> [Available data]
··········

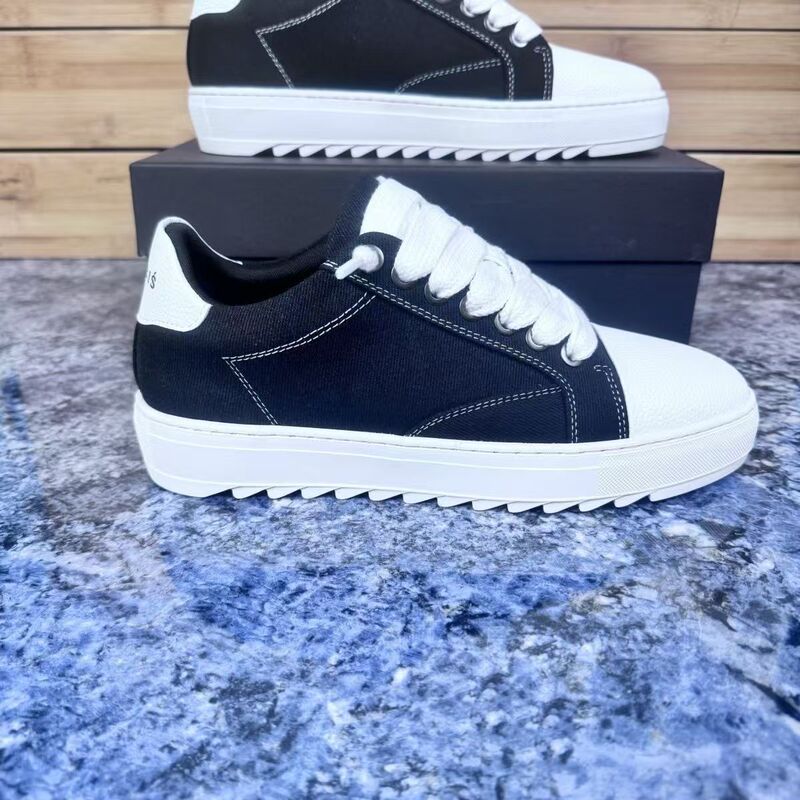 French High-Street Luxury Brand Numeris Low-Top Trendy Fashion Hip-Hop Versatile Retro Casual Sports White Sneakers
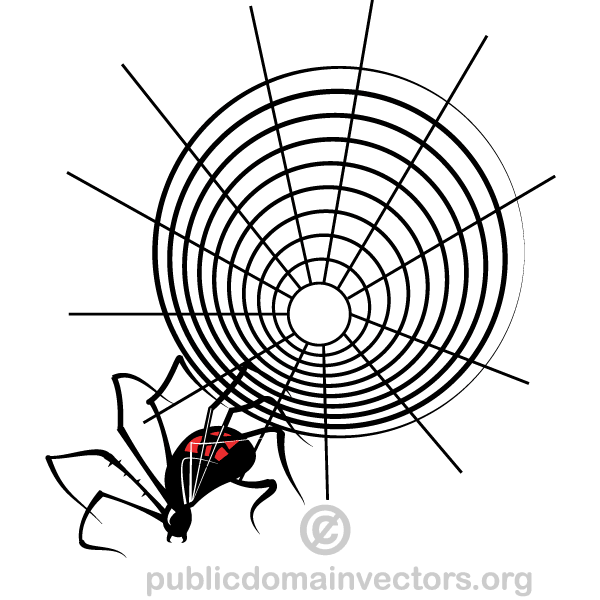 600x600 Spider Web Vector Graphics Download Free Vector Art Free Vectors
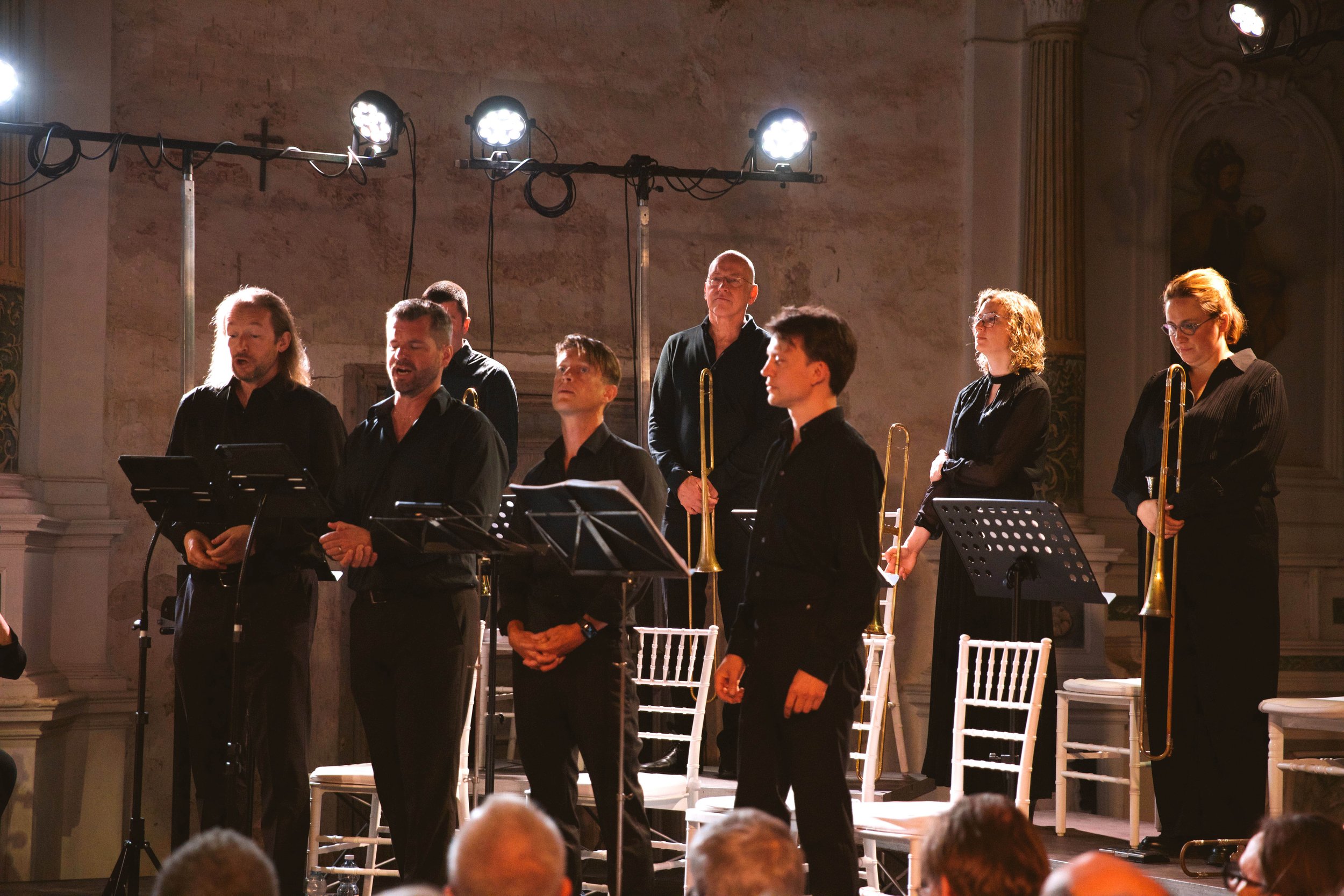 © Collegium Vocale Gent, Photography by Pablo Menjibar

··········

> [Task]
Could you retype the whole listing word for word, minus its pictures?

> [Exercise solution]
 French High-Street Luxury Brand Numeris Low-Top Trendy Fashion Hip-Hop Versatile Retro Casual Sports White Sneakers
 600x600 Spider Web Vector Graphics Download Free Vector Art Free Vectors
 © Collegium Vocale Gent, Photography by Pablo Menjibar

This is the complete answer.